### [Task to complete]
An exact copy of the entries is required, with every image omitted.

Captioned web image data
********************
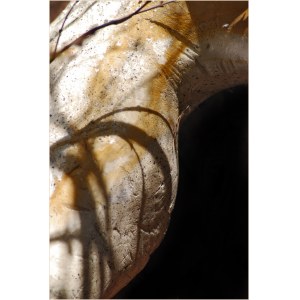 Joanna Klich, Nude from the Masquerade series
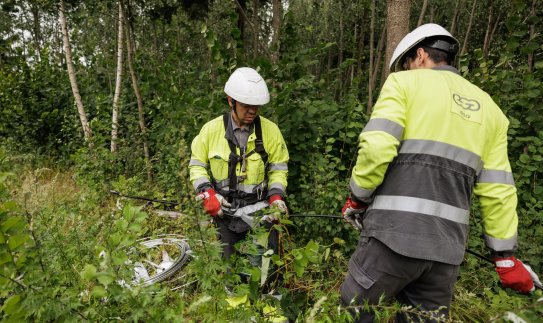 ESO jau išmokėjo beveik 1,5 mln. eurų kompensacijų už pernykštę audrą 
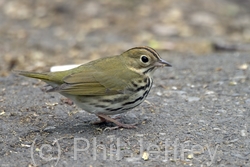 Ovenbird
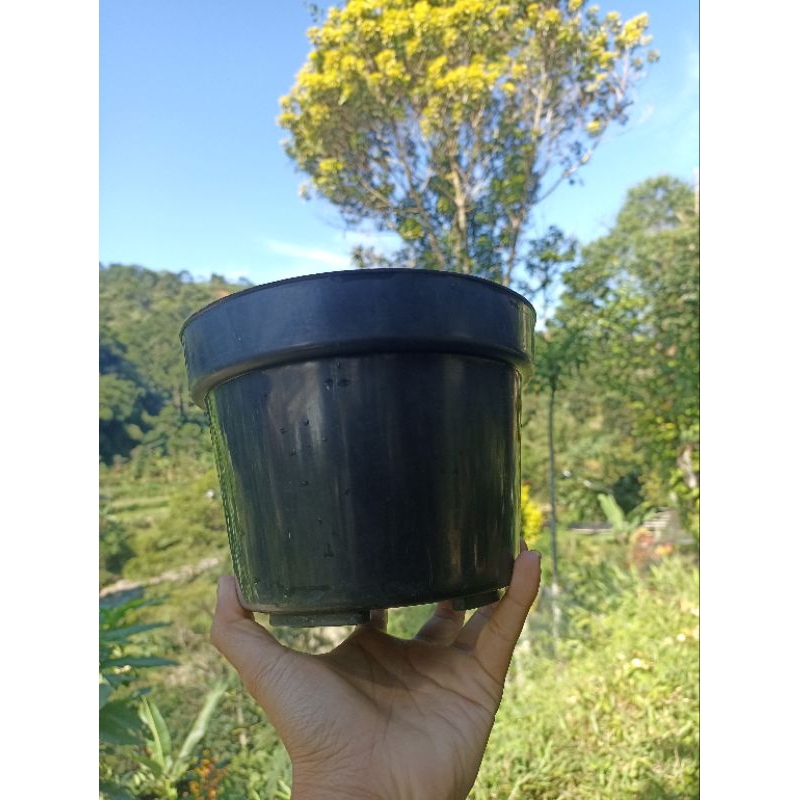 pot plastik tanaman hias 20 cm
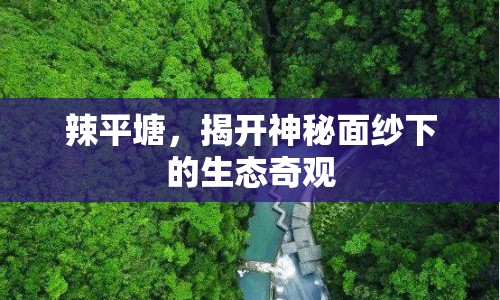 辣平塘，揭開神秘面紗下的生態(tài)奇觀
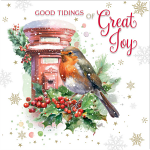 COMPASSION CHARITY CARDS: ROBIN ON POSTBOX (10 PACK)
********************
### [Output of the exercise]
 Joanna Klich, Nude from the Masquerade series
 ESO jau išmokėjo beveik 1,5 mln. eurų kompensacijų už pernykštę audrą 
 Ovenbird
 pot plastik tanaman hias 20 cm
 辣平塘，揭開神秘面紗下的生態(tài)奇觀
 COMPASSION CHARITY CARDS: ROBIN ON POSTBOX (10 PACK)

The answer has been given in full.